An even bigger rate hike is expected on Wednesday – and housing will take another hit, experts say
The widely expected Bank of Canada interest rate hike on Wednesday will be bad news for homeowners who could see their mortgage rates go up as their property values fall.
The economic data reflects a tumultuous time for the Canadian economy, with inflation hitting a 39-year high of 7.7% in May and recent central bank polls showing low consumer confidence.
Bay Street analysts generally expect the Bank of Canada to raise its key rate by 0.75 percentage points on Wednesday, raising its key rate to 2.25% in a bid to slow rapid consumer price growth.
These rates may seem low by historical standards – the central bank’s policy rate was typically above 2% until the 2008 financial crisis – but the pace at which rates are now being raised is the fastest in decades, part of an aggressive campaign to slow consumer demand that some economists say could tip the country into a recession.
The impact of the bank’s tightening campaign is already being felt in the housing market, where prices have fallen about 13% since February, according to the Canadian Real Estate Association.
The higher the rates, the harder it is to borrow money, which means potential buyers will have a harder time financing down payments while current owners will be paying more on their mortgages.
“A 75 basis point increase will slow down buying even more,” said Sung Lee, a licensed mortgage agent at rates.ca. “We are already seeing people walking away from housing offers. The mindset has changed. »

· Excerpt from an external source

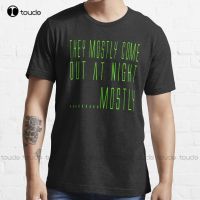 Aliens Quote - They Mostly Come Out At Night....Mostly Essential T-Shirt Custom Aldult Teen Unisex Digital Printing Tee Shirts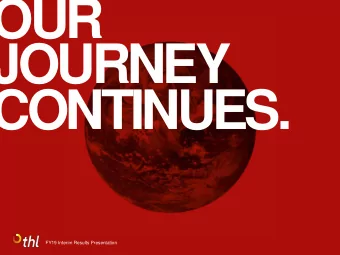 OUR  JOURNEY  CONTINUES.  FY19 Interim Results Presentation  DISCLAIMER This presentation contains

Homeowners who have taken out historically low five-year fixed-rate mortgages over the past five years are now likely to face higher rates when their mortgages come up for renewal, Lee said.

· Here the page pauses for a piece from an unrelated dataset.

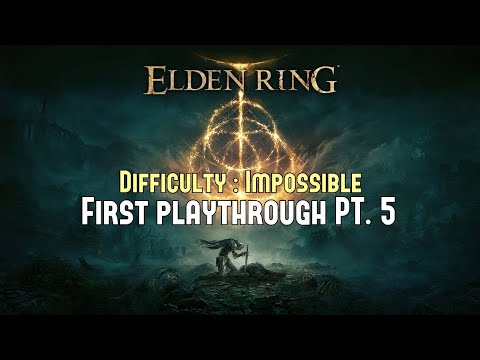 ELDEN RING | First Playthrough Pt. 5 | Difficulty: Impossible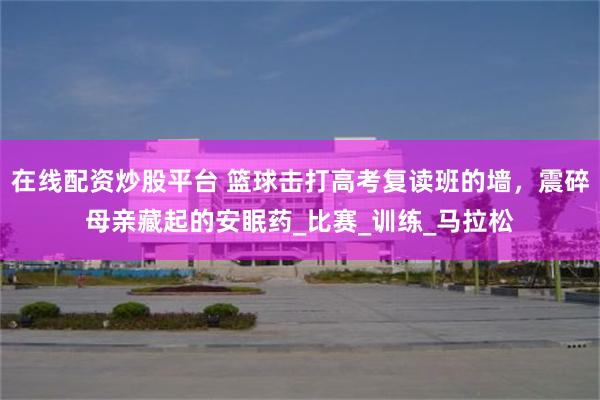在线配资炒股平台 篮球击打高考复读班的墙，震碎母亲藏起的安眠药_比赛_训练_马拉松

According to ratehub.ca, a homeowner with a five-year fixed rate mortgage of 1.99% on a $500,000 home, amortized over 25 years, has a monthly mortgage payment of $2,155. If their mortgage rate increases by 2% to 3.99%, their monthly payments will be approximately $2,528.
When the overnight rate increases, the effects are felt immediately by some, such as variable rate and HELOC mortgage holders, but will be felt by others much later when they take out a new mortgage or renew it,” Lee said.

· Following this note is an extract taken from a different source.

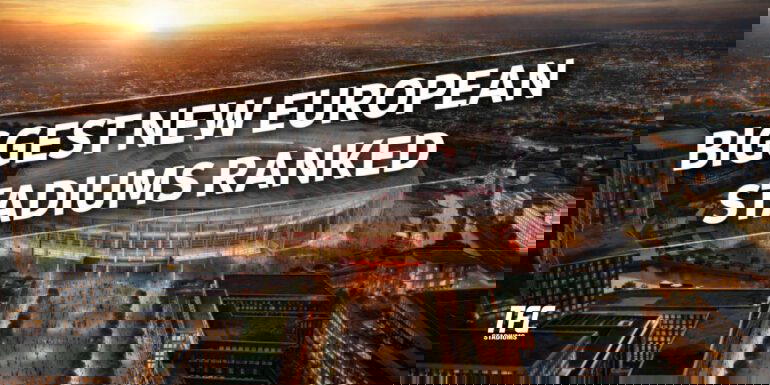 Biggest new European Stradiums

The typical rate for a home equity line of credit (HELOC), a loan secured by the borrower’s home and typically with lower interest rates, is expected to rise from around 4.2% to nearly 5 %, said Rob McLister. , a mortgage strategist.
“We’ll see more budget-strapped borrowers making interest-only payments,” McLister said.
The housing market is at the heart of major inflationary pressures in Canada, where the price of typical homes has jumped more than 50% as historically low interest rates have sparked frenzied consumer demand during the pandemic.
But high inflation, fueled in large part by energy and food prices, prompted Bank of Canada Governor Tiff Macklem and his team to take a tougher stance. Today’s inflation rates are well above the bank’s 2% target, an ominous reminder of soaring inflationary pressures in the 1970s and 1980s.
Today, the central bank is trying to reduce inflation without cratering the economy – a tricky maneuver known as a “soft landing” that has little precedent in the history of Canadian monetary policy.
In model scenarios released by the Canada Mortgage and Housing Corporation (CMHC) on Monday, the federal agency said it expects Canadian housing markets to experience a slowdown by mid -2023.
In a moderate interest rate scenario, where rates only rise an additional 0.5%, house prices will fall by around 3% by mid-2023, while national home sales will decline. 29%, the agency said. In a higher interest rate scenario, where the bank’s overnight rate rises to 3.5%, home prices fall by 5% while home sales fall by 34%.
“This is a confusing time for many owners and future owners. What is important to understand is that interest rates are cyclical. At some point over the next few years, we will see them come back down. In the meantime, they’re still on the rise and we just have to plan as best we can,” Lee said.